The optimized vortex generator has a vortex street influence area of 0.37 m at a flow rate of 10.21 m/s in the pipeline, and the triangular vortex generator has an influence area of 0.43 m, as shown in
Figure 16. The influence areas of vortex generators after and before optimization at the flow rate of 2.94 m/s were 0.26 m and 0.3 2 m, respectively, as shown in
Figure 17. It is proved that the optimized vortex generator has less disturbance to the fluid in the pipeline and produces less resistance loss. It is suitable for the lowest value of productivity fluctuation of the gas well and has good energy-saving effect and adaptability.
5. Discussion
Traditional vortex generators (such as cylindrical and trapezoidal) suffer from issues like secondary vortex interference, insufficient vortex strength, and low frequency, with a significant performance decline especially under low flow velocity conditions (in-station pipeline flow velocity less than 5 m/s). Existing research predominantly focuses on two-dimensional simulations and indoor physical experiments, while three-dimensional flow phenomena in real-world applications are more complex, and turbulent flow simulation at high Reynolds numbers remains challenging.

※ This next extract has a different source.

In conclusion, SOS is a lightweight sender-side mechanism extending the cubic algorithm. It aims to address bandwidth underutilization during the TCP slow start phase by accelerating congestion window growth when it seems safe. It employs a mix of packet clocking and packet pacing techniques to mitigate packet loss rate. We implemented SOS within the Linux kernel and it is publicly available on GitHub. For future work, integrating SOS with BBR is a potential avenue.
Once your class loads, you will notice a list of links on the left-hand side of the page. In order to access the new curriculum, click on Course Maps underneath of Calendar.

This study employs a coupled lattice Boltzmann method (LBM) and large eddy simulation (LES) technique, introducing a dynamic sub-grid-scale stress model (SGS) into the LBM-LES method, which better describes turbulent flow at high Reynolds numbers, providing a numerical simulation foundation for the optimized design of the vortex generator. Under the optimized configuration of a 180° incoming flow surface angle, a 25 mm side concave arc radius, and a 4 mm end fillet radius, the triangular vortex generator exhibits significant multi-dimensional performance enhancements, achieving improved flow field stability, enhanced signal detection accuracy, and optimized vortex structure energy. Specifically, the 180° planar incoming flow design effectively suppresses boundary layer separation, resulting in a pressure loss reduction of approximately 17.2~53.9% compared to the prototype and an increase in vortex shedding frequency of 2.72~13.8%, indicating more regular vortex generation, as shown in
Table 5. Furthermore, the concave arc side profile of the vortex generator reduces the intensity of secondary vortices, providing a flow field basis for high-frequency response vortex detection, while the end fillet design eliminates topological mutations in the vortex morphology at sharp corners, significantly enhancing vortex system symmetry and stability.

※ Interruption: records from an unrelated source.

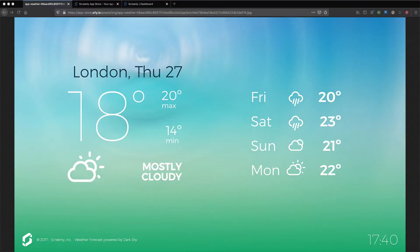In this video we walk you through how to show a weather forecast on a TV with Screenly. Showing the weather on a TV is a popular use case for digital signs. At Screenly we've made it easy by building the Screenly weather app.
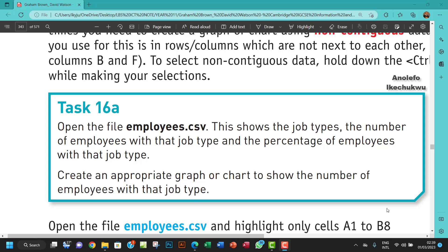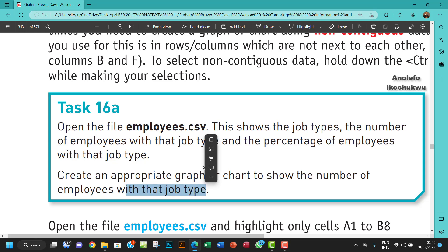Hello guys, welcome to this video. I'll be looking at task 16a. The question says open the file employees.csv. This shows the job types, the number of employees with that job type, and the percentage of employees with that job type. Create an appropriate graph or chart to show the number of employees with that job type.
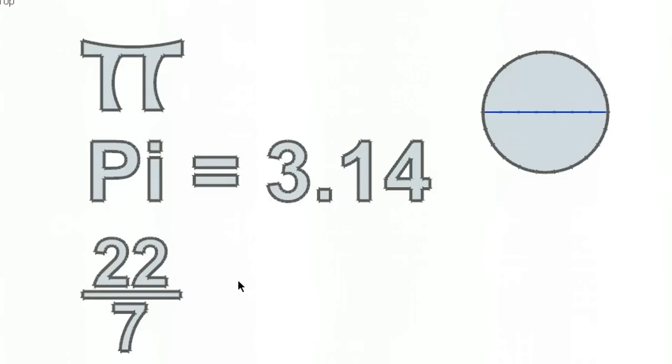Hello, this is another video from teachingbyvideos.com. In this video we'll be exploring Pi.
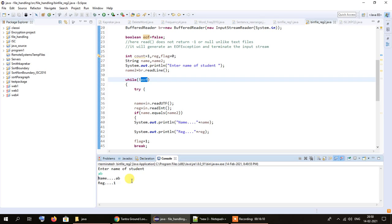This concludes my second tutorial on binary file handling, and hopefully you have understood all the steps. If you still have doubts, please feel free to leave your queries in the comment section or contact me. That's it for today — have a nice time everybody, take care.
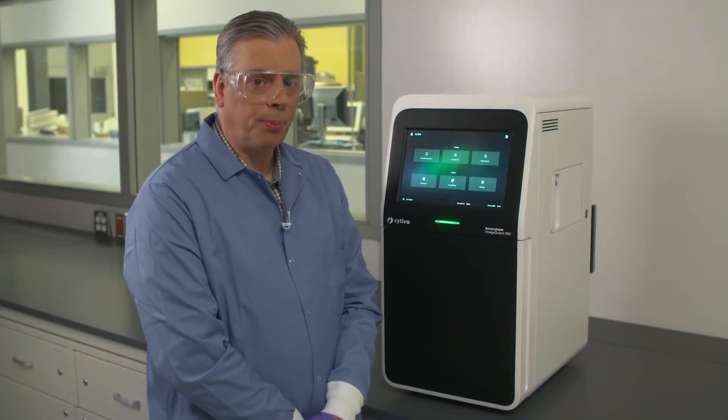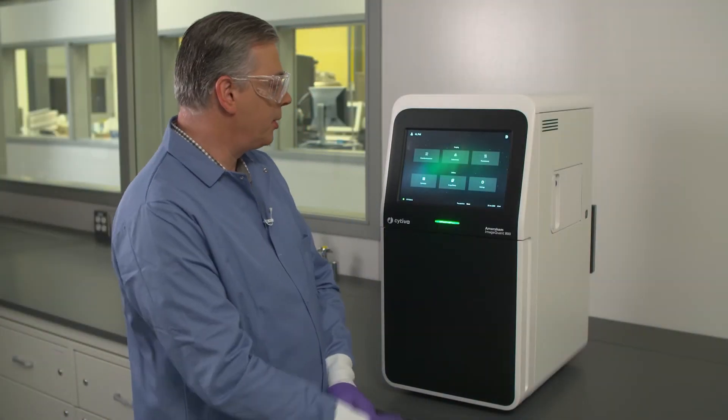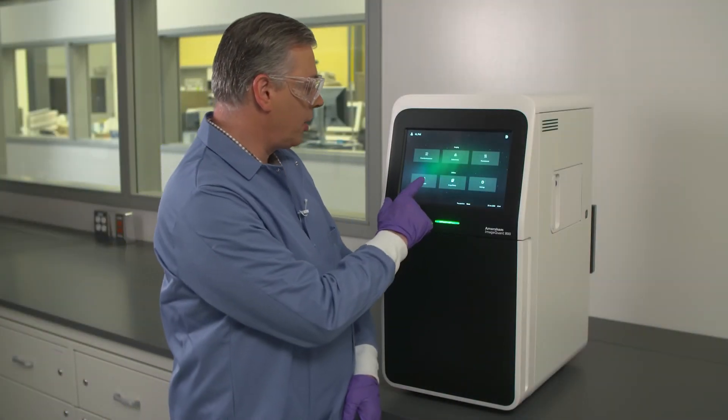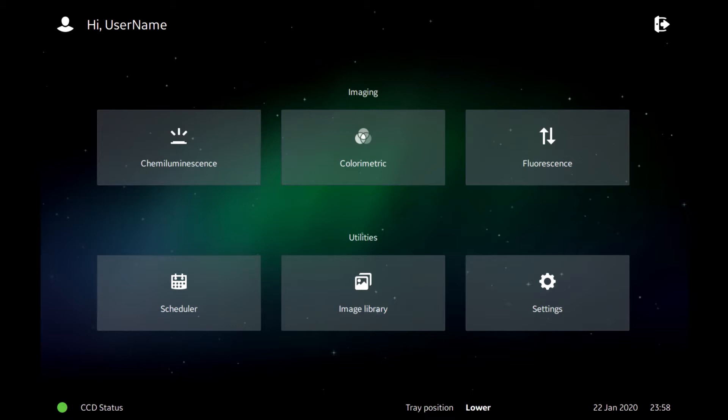Use the onboard scheduler tool to block time for your experiments using the ImageQuant 800. In this session we're going to look at using the scheduler tool.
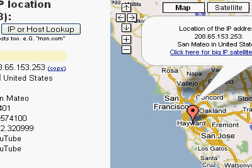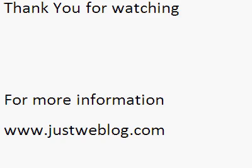Thank you for watching. For more information, visit www.justweblog.com. Thank you.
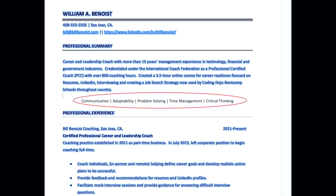But here's something I see a lot, and this is a big mistake: people are listing their soft skills — communication, adaptability, problem solving, time management, critical thinking, whatever soft skill you can think of. They're really wasting real estate space, because these are areas where the hard skills should be going.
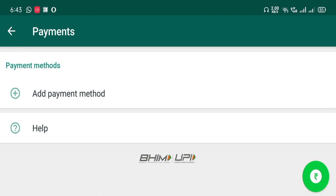We also have to use BHIM and UPI. We use the UPI platform to use Amazon Pay, Google Pay, and PhonePay applications. We also have to use the UPI platform to use the payments.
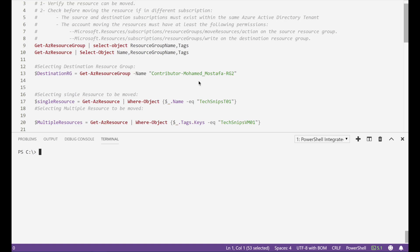Secondly if we are moving the resource to a different subscription we should make sure both are active and in the same Active Directory tenant.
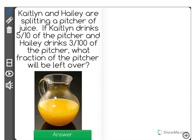Caitlin and Haley are splitting a pitcher of juice. If Caitlin drinks 5 tenths of the pitcher and Haley drinks 3 one hundredths of the pitcher, what fraction of the pitcher will be left over?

However, this study still has certain limitations. For example, in gas pipelines at oil and gas stations, flow velocities are typically controlled within an economic range of 3 to 10 m/s to ensure system economy and efficiency. This research primarily focuses on the optimization design of the vortex generator within this economic flow velocity range (6.498 × 105 ≤ Re ≤ 22.597 × 105), particularly under high Reynolds number conditions. As most high-yield oil fields have entered the later stages of development, low flow conditions will inevitably occur gradually. Therefore, the performance evaluation of vortex flowmeters under low Reynolds number conditions is equally important for future research.
Furthermore, this paper’s simulation assumes the gas to be pure methane, while actual applications may involve the presence of some liquid-phase fluids, which could affect vortex generation and stability. Future research could further explore the optimization of vortex generators under multiphase flow conditions, to clarify the impact of water content on the accuracy of gas measurement by vortex flowmeters.
Additionally, although numerical simulations can provide detailed flow field information and vortex characteristics, the industrial application and promotion of the novel vortex generator still require further validation through experimental data to ensure accuracy and reliability. Currently, the inverse analysis program for high-frequency vortex signals is still under development, which limits the comprehensive evaluation of the optimized vortex generator’s performance in practical applications. Future research will focus on improving this analysis program and experimentally verifying the actual effects of the vortex generator optimization design, aiming to provide more reliable technical support for the industrial application of vortex flowmeters.